Publishers are feeling the scrape

So why the ask? Because publishers are feeling the effects of unmitigated scraping. 

In October, Wikipedia released a stat of an 8% decline YoY in web traffic due to AI. Marshall Miller, Senior Director of Product at the Wikipedia Foundation, said that they are working to determine human traffic versus bot traffic. Further concerns are emerging about the lack of community edits to Wikipedia pages - the very foundation of how Wikipedia retains its rich content. When consumers use AI overviews instead of clicking through to Wikipedia itself, this results in fewer visitors, yes, but also fewer editors. This stands to leave Wikipedia as a dead space.
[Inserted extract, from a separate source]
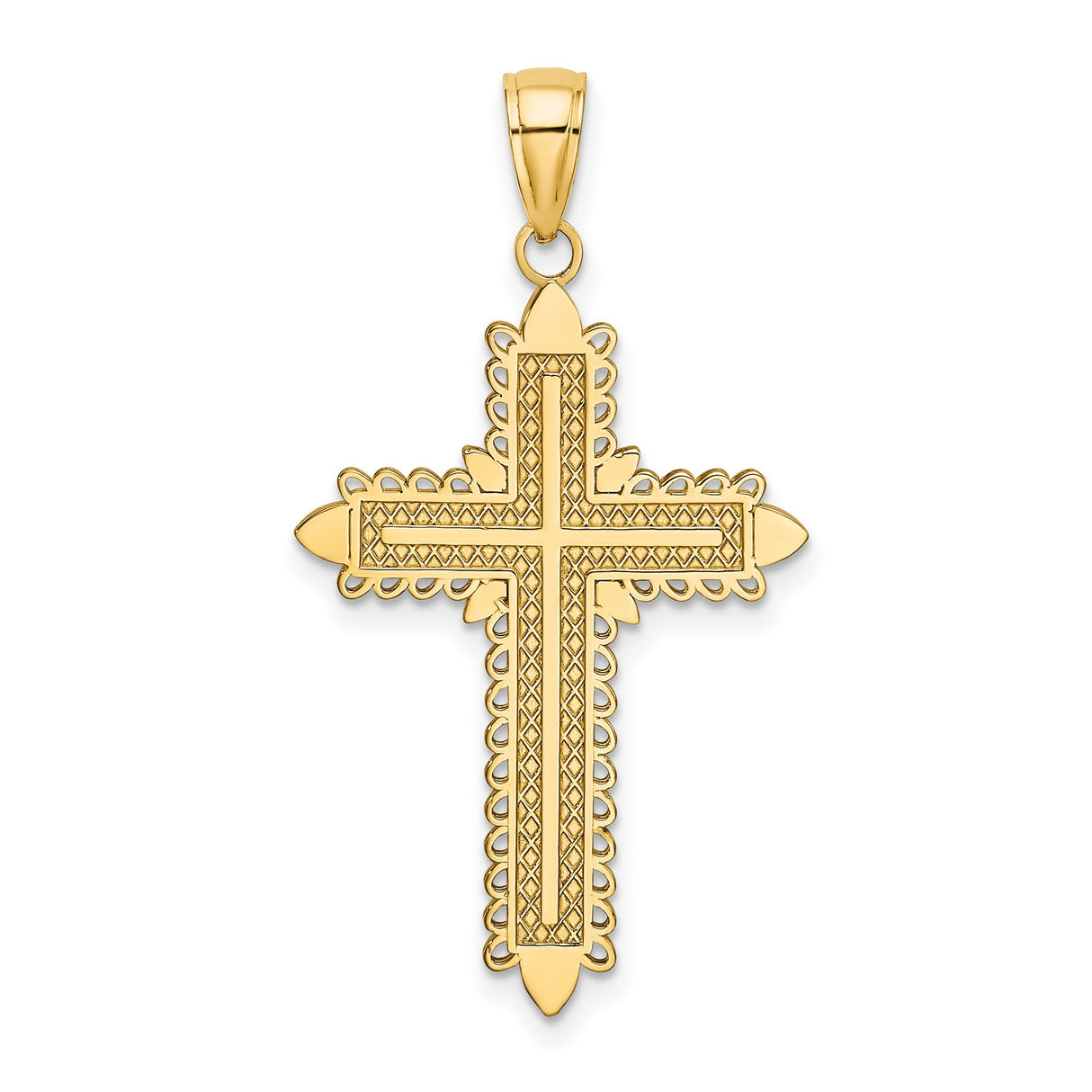 10k Yellow Gold Cross Pendant with Lace Border and Textured Gothic Design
Wikipedia’s concern is two-fold: First, scraping of their content means fewer visitors and less reliance on their platform, resulting in declining revenue and traffic. Second, they're concerned about the enormous strain scraping traffic is placing on their servers. That’s why Wikipedia is urging users (namely AI companies) to use their paid search option, which allows users to search their content at scale, but without overloading servers or essentially ‘stealing’ this valuable information for ‘free’.  

The themes of this particular story are right in line with what we’re seeing from our security research team. Our Q2 Threat Insights Report and our upcoming Q3 report highlight similar findings. With bots comprising a large proportion of overall website traffic, the result is infrastructure strain, ‘stolen’ content, and risk of malicious intent going unchecked. Our Q2 report highlighted how “AI bots can place significant strain on unprotected web infrastructure, with peak traffic reaching up to 39,000 requests per minute”.

The pushback against AI is underway

Miller, in his blog post, stated that their adoption of better bot management solutions, to “reclassify [their] traffic”, yielded the finding that “much of their unusually high traffic… was coming from bots that were built to evade detection”.

This points to a trend we are tracking across our own data - organizations are wising up to the fact that even ‘wanted bots’ or those seemingly without malicious intent, can still place undue strain on their infrastructure and ‘steal’ their valuable IP. 

In fact, our upcoming Q3 Threat Insights Report found that organizations are now increasingly blocking ‘wanted’ bots, or those that are thought to be non-malicious. This indicates to us that tolerance for AI scraping, even for legitimate purposes, is starting to be met with scrutiny. Orgs are no longer openly allowing scraping to consume their data without compensation. 

While Wikipedia is under increased pressure due to its non-profit status, the same issue persists for publishers worldwide.

Given the impact on revenue and infrastructure costs, we anticipate others joining Wikipedia and continuing to crack down on AI scraping.

A Bot Management strategy is no longer a nice-to-have

Bot management solutions are no longer optional - they should be a mandatory component of any AppSec program. Capabilities like our offering in partnership with Tollbit allow organizations to charge bots instead of just banning them altogether - this is exactly the approach Wikipedia is taking.

Net net? Orgs are starting to crack down - It’s not profitable or sustainable to simply allow free use of your content, and it is becoming increasingly important to have a bot strategy in place. 

Organizations should remember that Robots.txt files are not a shield - they are simply a suggestion.